Start Small
Anyone who wants to build a successful business (VC-backed or not), should try building a small business first to pay the “ignorance tax”.
It has been almost 5 years since I started Aggregate Intellect. Has been successful or not is a topic of a different post, but the above is the most important lesson I have learned!
I was pleasantly surprised when Omar Zenhom spoke about this in the episode of the “10 dollar MBA” on my daily run today. And I admit, I am stealing the term “ignorance tax” from him because let’s be honest, he’s much more articulate than I am!
One thing that has been a bit of resentment for me during this journey has been how easy second time founders have it. Trust of investors, trust of customers, ability to maneuver in various situations, etc etc. Of course, they worked hard to have those privileges, but always assumed that you have to go through the whole thing and only if you succeed you get to have all the privileges. But what I have learned, esp in the past year or so, is that a lot of the mechanics of a business are common amongst all sorts of businesses. Obviously the nuances and complexity of the details varies wildly, but the basics are the same. My mistake was that I thought that my theoretical understanding of these details was sufficient while reality blew up in my face with 100 layers of complexity at every step. My vague and untested understanding of what it takes to sell and fund the business, what it takes to build a product people want, and what it takes to engage and manage talent needed to be upgraded repeatedly and still so much more to learn.
I think one the things that I regret and kinda are trying to do retroactively is not trying to build a small, low-stake business first, and do it seriously for a while just as a learning experience. I could have learned so much about creating a sustainable business, sales, marketing, accounting, legal, operations, relationship management, and much more in that serious but simulated environment. “Simulated” because my real ambition was to build a big global business and this small “throw away” business would be a means to an end. In other words, I could have paid my “ignorance tax” in that setting, and then started fresh with my actual big idea! It could have even been done along with another full time employment since the goal of it is just learning.
Of course, one small but very important detail is that nothing teaches you how to do a business like running out of money. So, you might argue that well, this “simulated sandbox” doesn’t have that important learning mechanics, but I would argue that if you are conscious of it, you could definitely simulate that mechanics but setting the right set of boundary conditions (eg. you are not allowed to put in more money than whatever you initially devote to the project and it has to be funded by its revenue, etc - essentially treating your savings account as a very critical angel investor).
In my 20-min ama, several folks booked me to talk about raising money from angel investors recently and my advice to all of them has been: don’t!
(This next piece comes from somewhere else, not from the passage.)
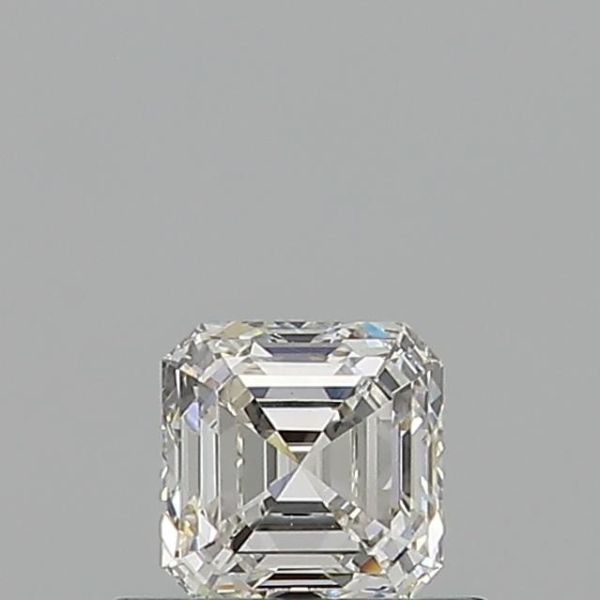 Asscher Diamond image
Instead, turn what you have into a consulting business, make money from it, use your learning to iterate, once you are more financially stable ask investors to give you money because nothing gives you leverage like not needing the investment money.
Back to Omar: he suggested these ideas as small businesses one can try: a) service business where you essentially sell your time / expertise for money, b) something that has the leverage of ongoing distribution like self-publishing, marketing, and selling a book, or c) building / packaging something slowly on the side of what you do every day (say software, course, etc) and selling that.